## TASK INSTRUCTIONS
Repeat each entry below exactly, omitting any picture it holds.

START WORKING DATA

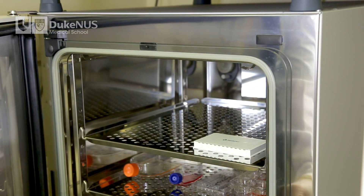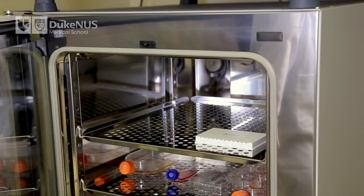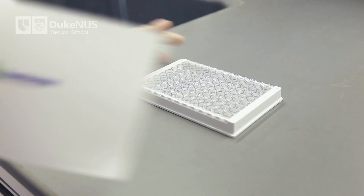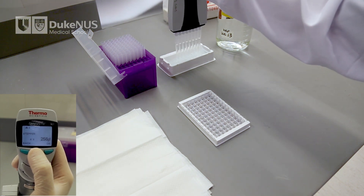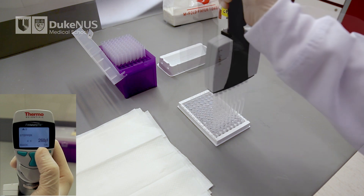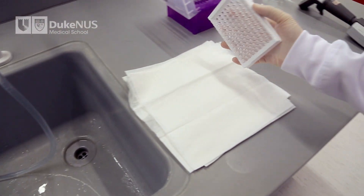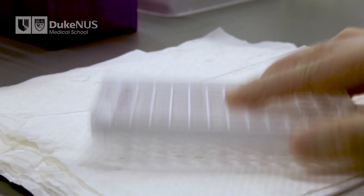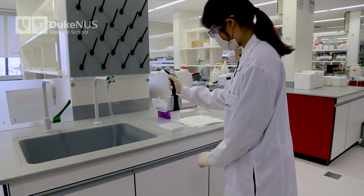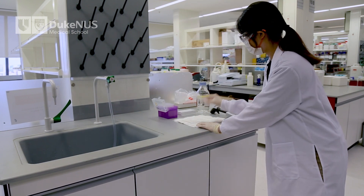Incubate the capture plate at 37 degrees Celsius for 15 minutes. After the 15-minute incubation, remove the capture plate from the incubator. Invert to remove the sample mix from the plate. Wash each well with 260 microliters of the one-time concentrated wash buffer. To remove the wash buffer, tip the plates over a sink and tap the plates on a stack of paper towels to dry. You may also use a microplate washer or multi-channel pipette to remove the wash buffer. Wash the plates three more times. After the fourth and last wash, tap the plates dry before proceeding.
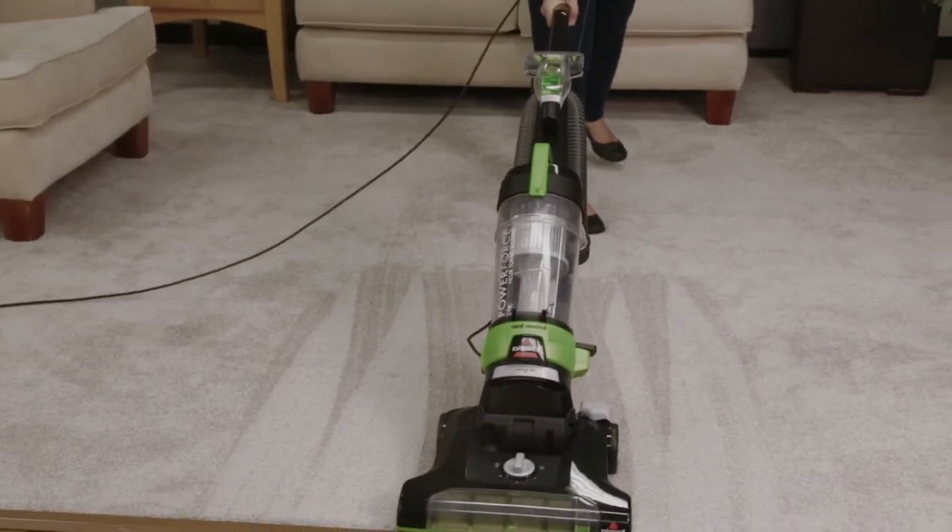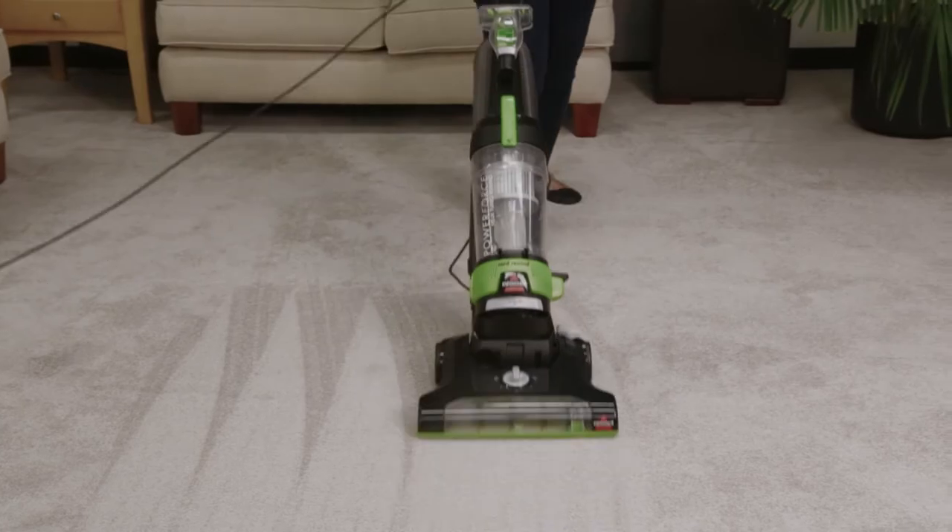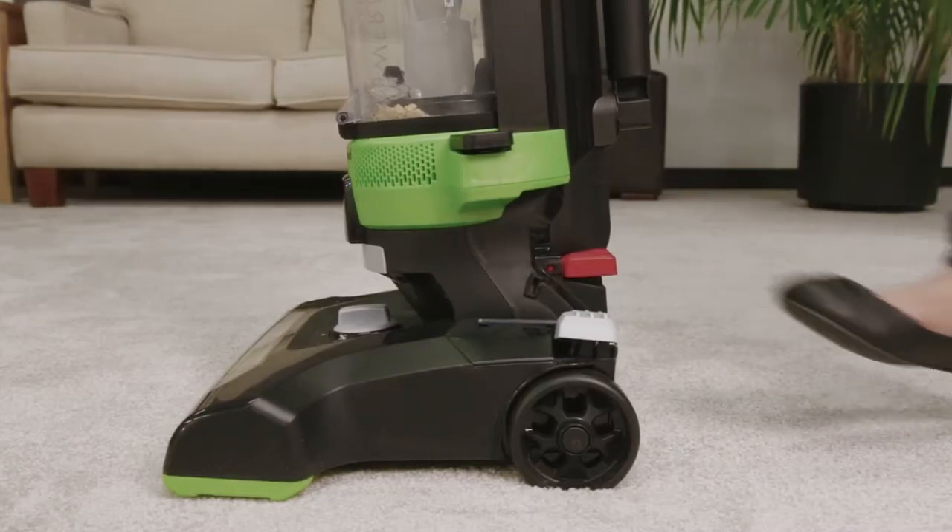When finished cleaning with your PowerForce Helix Turbo Rewind, you will want to empty the dirt tank. Here's how you do it. Make sure to turn off your machine.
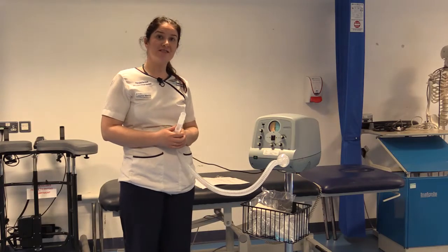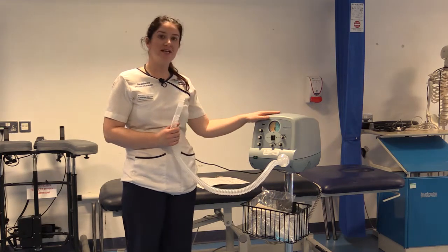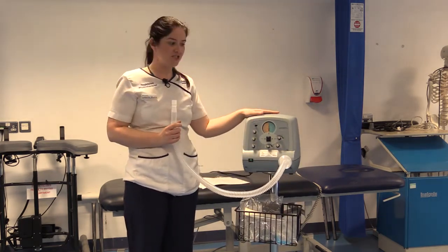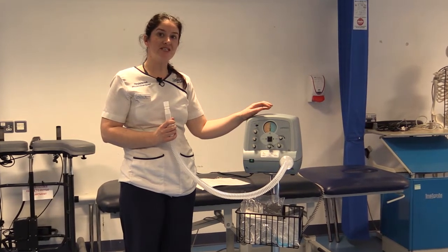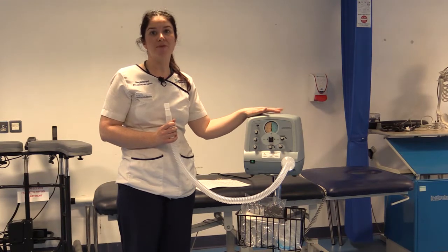I'm going to talk about the cough assist machines and go through two of them. The first one is known as the Emerson cough assist machine. This is the older style cough assist machine, which you can't entrain oxygen through, so you need to decide with your patient whether this machine is suitable. If the patient is on high oxygen requirements, it may not be the cough assist of choice.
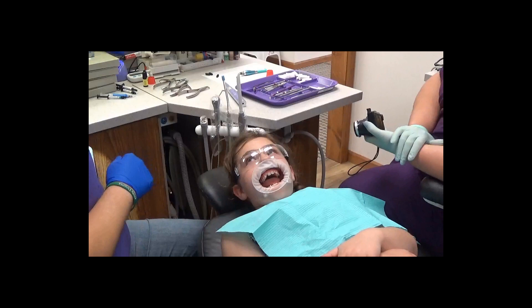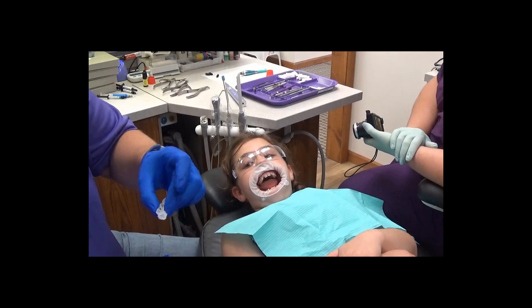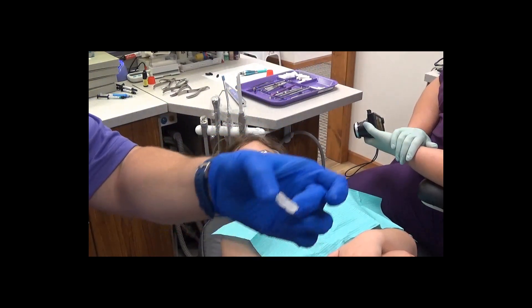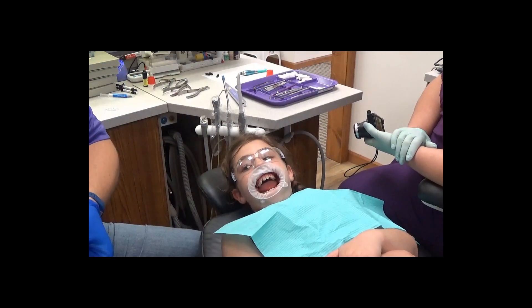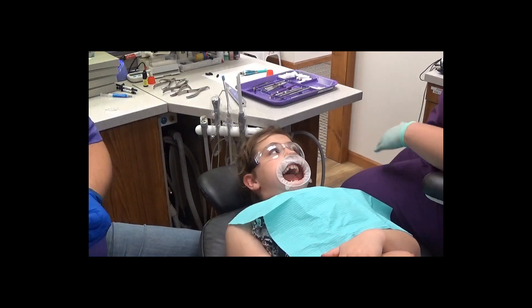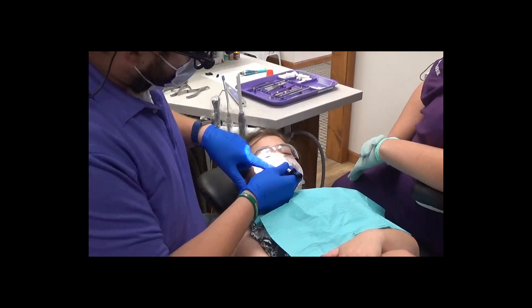Here we are delivering the indirect bonding trays. As I said in the previous videos, I like to cut them up into quadrants so that it's a little bit easier to seat and also to keep isolated. My assistant Sarah has already flower pumiced the teeth, and now I'm going to be using a little cleaning boost.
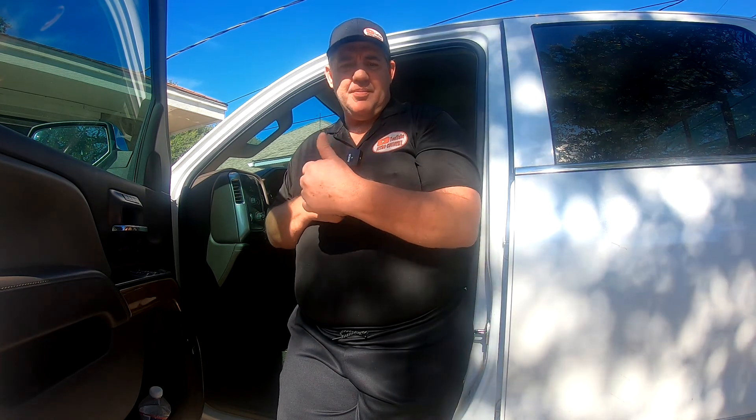Well guys, thanks for watching. Hopefully this helps you out and got your garage door opener set. If it did, please give me a thumbs up and subscribe to my channel. Till next time, I will catch you later.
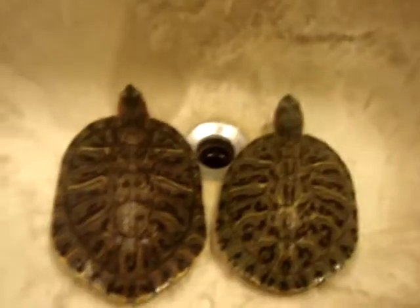Hey y'all, it's Andrew71888. Today I'm going to teach you to tell the sex of your turtle — male and female. Right here I got my male and my female.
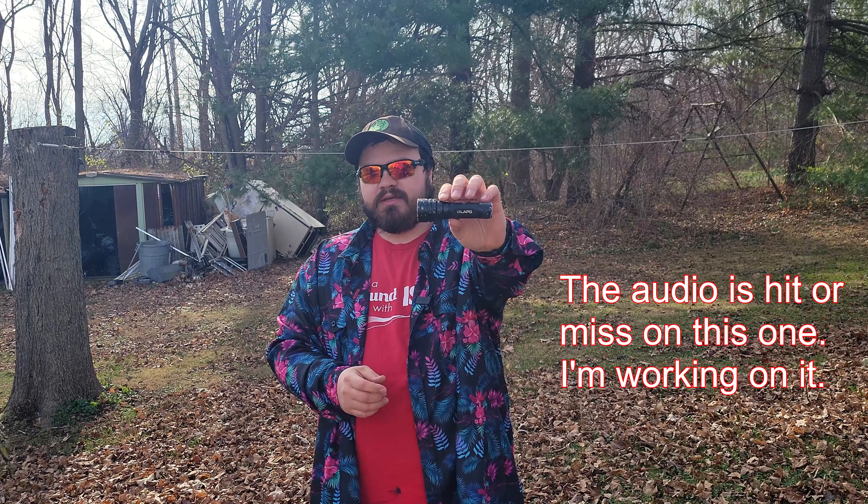What's up YouTube? I'm Calcar131 and in this video I'm going to be reviewing the LA Police Gear CMPTAC Tactical Flashlight.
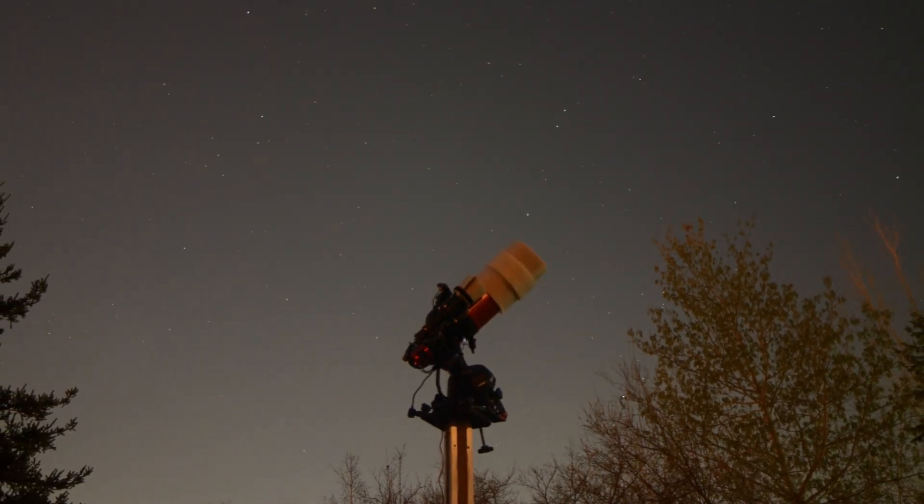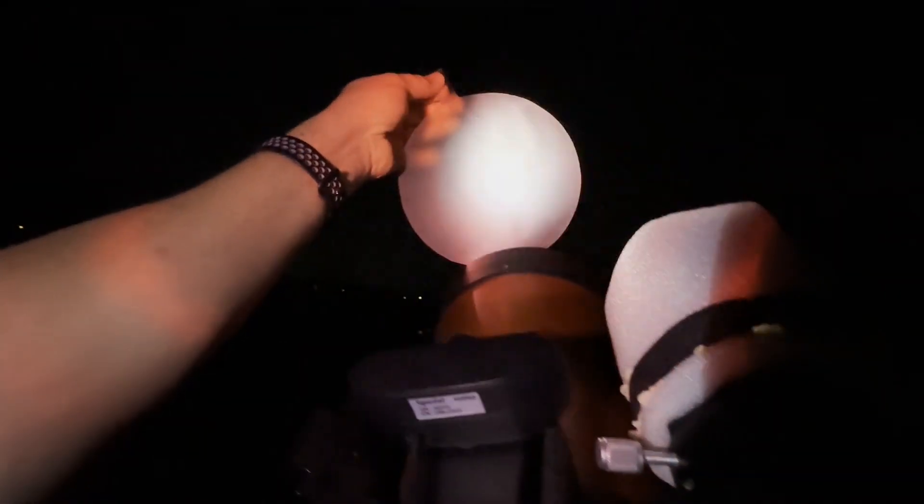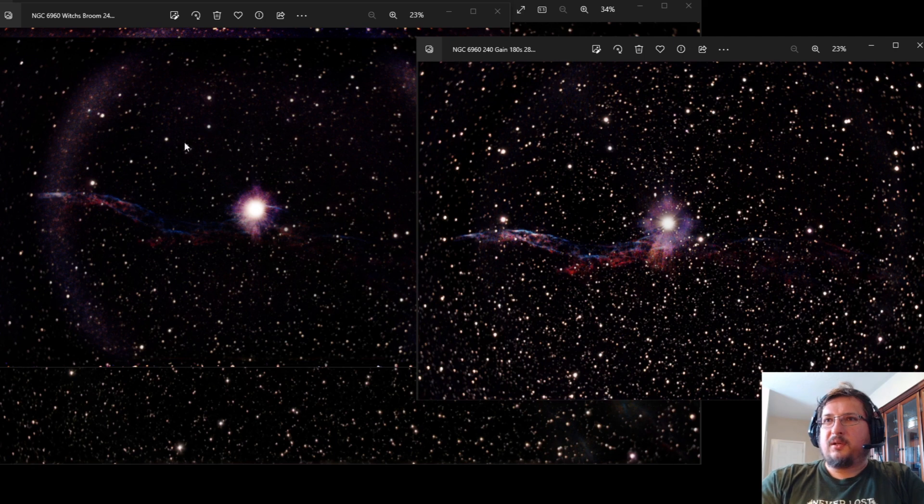Hi, my name is Chris, and welcome to my channel. Flat frames are a type of calibration frame designed to filter out things like smudges and vignetting — shadows left by dust motes on your sensor. Without these, you end up with weird splotches and streaks in some of your images, so they are part of the set of calibration frames that you would apply to your astrophotography images during processing.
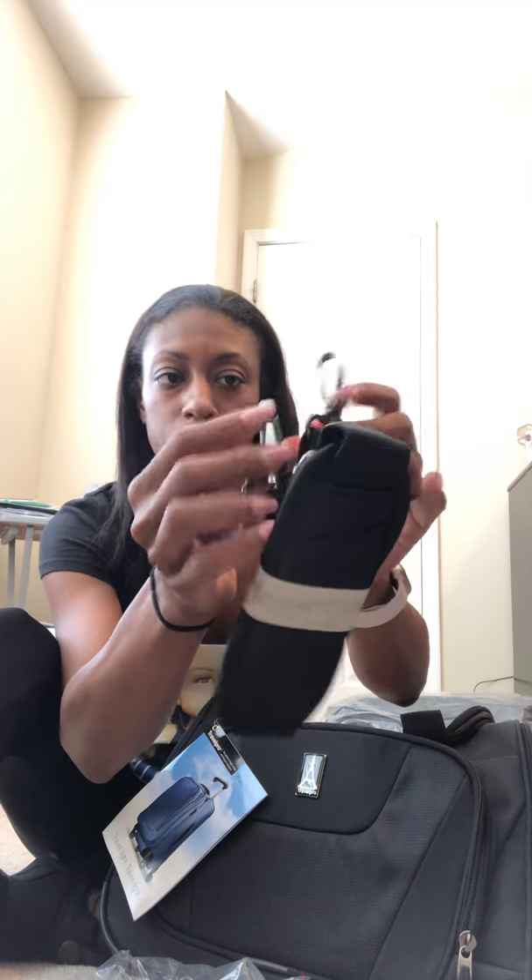It comes with a little pocket thing, a Ziploc bag, whatever, and it is your shoulder strap for the bag. Little pieces — just inspecting the pieces out, making sure that they look good.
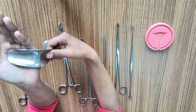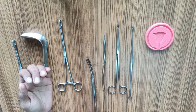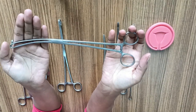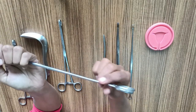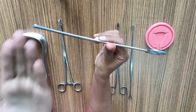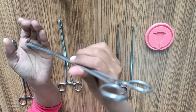Being non-self-retaining, you require an assistant to hold it from the shaft while you conduct the procedure. The next instrument is a vulsellum. It has two finger grips, a lock, and a curved forepart with multiple teeth to catch hold of the anterior lip of the cervix. This curved part is quite beneficial and you need to keep the concave part towards the ceiling or towards the pubic bone so that it can arc over the pubic bone and provide better visualization.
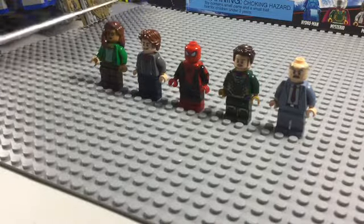Anyways, that's all the minifigures I'm going to be showcasing today. Please let me know in the comments if you want more Spider-Man content. Thanks for watching, and remember — with great power comes great responsibility.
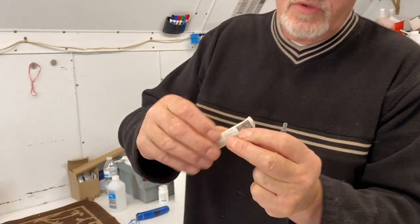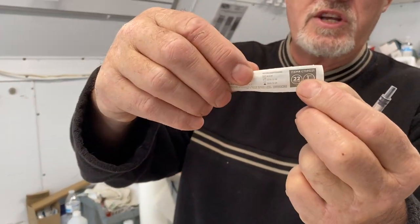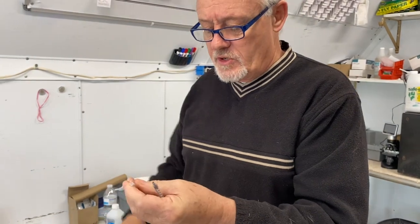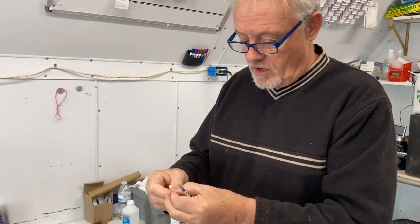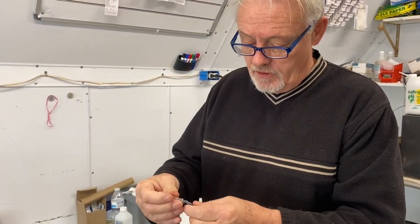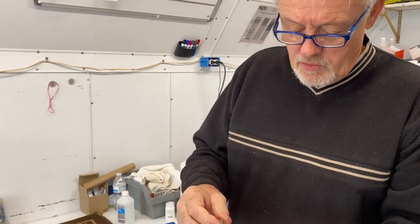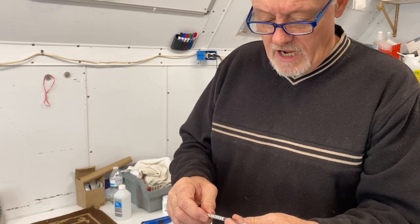We want to use a needle that's a 22 gauge, one inch needle — these work beautifully. If you try to use a 30 gauge, which sounds bigger but is actually smaller and is used for insulin shots, you will not pull blood out of that. So 22 gauge is preferred; 20, 21, or 23 gauge will also work, but I like a 22 gauge.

END WORKING DATA

## ANSWER TO THIS EXERCISE
Incubate the capture plate at 37 degrees Celsius for 15 minutes. After the 15-minute incubation, remove the capture plate from the incubator. Invert to remove the sample mix from the plate. Wash each well with 260 microliters of the one-time concentrated wash buffer. To remove the wash buffer, tip the plates over a sink and tap the plates on a stack of paper towels to dry. You may also use a microplate washer or multi-channel pipette to remove the wash buffer. Wash the plates three more times. After the fourth and last wash, tap the plates dry before proceeding.
When finished cleaning with your PowerForce Helix Turbo Rewind, you will want to empty the dirt tank. Here's how you do it. Make sure to turn off your machine.
I'm going to talk about the cough assist machines and go through two of them. The first one is known as the Emerson cough assist machine. This is the older style cough assist machine, which you can't entrain oxygen through, so you need to decide with your patient whether this machine is suitable. If the patient is on high oxygen requirements, it may not be the cough assist of choice.
Here we are delivering the indirect bonding trays. As I said in the previous videos, I like to cut them up into quadrants so that it's a little bit easier to seat and also to keep isolated. My assistant Sarah has already flower pumiced the teeth, and now I'm going to be using a little cleaning boost.
Well guys, thanks for watching. Hopefully this helps you out and got your garage door opener set. If it did, please give me a thumbs up and subscribe to my channel. Till next time, I will catch you later.
Hey y'all, it's Andrew71888. Today I'm going to teach you to tell the sex of your turtle — male and female. Right here I got my male and my female.
What's up YouTube? I'm Calcar131 and in this video I'm going to be reviewing the LA Police Gear CMPTAC Tactical Flashlight.
Hi, my name is Chris, and welcome to my channel. Flat frames are a type of calibration frame designed to filter out things like smudges and vignetting — shadows left by dust motes on your sensor. Without these, you end up with weird splotches and streaks in some of your images, so they are part of the set of calibration frames that you would apply to your astrophotography images during processing.
It comes with a little pocket thing, a Ziploc bag, whatever, and it is your shoulder strap for the bag. Little pieces — just inspecting the pieces out, making sure that they look good.
Being non-self-retaining, you require an assistant to hold it from the shaft while you conduct the procedure. The next instrument is a vulsellum. It has two finger grips, a lock, and a curved forepart with multiple teeth to catch hold of the anterior lip of the cervix. This curved part is quite beneficial and you need to keep the concave part towards the ceiling or towards the pubic bone so that it can arc over the pubic bone and provide better visualization.
Anyways, that's all the minifigures I'm going to be showcasing today. Please let me know in the comments if you want more Spider-Man content. Thanks for watching, and remember — with great power comes great responsibility.
We want to use a needle that's a 22 gauge, one inch needle — these work beautifully. If you try to use a 30 gauge, which sounds bigger but is actually smaller and is used for insulin shots, you will not pull blood out of that. So 22 gauge is preferred; 20, 21, or 23 gauge will also work, but I like a 22 gauge.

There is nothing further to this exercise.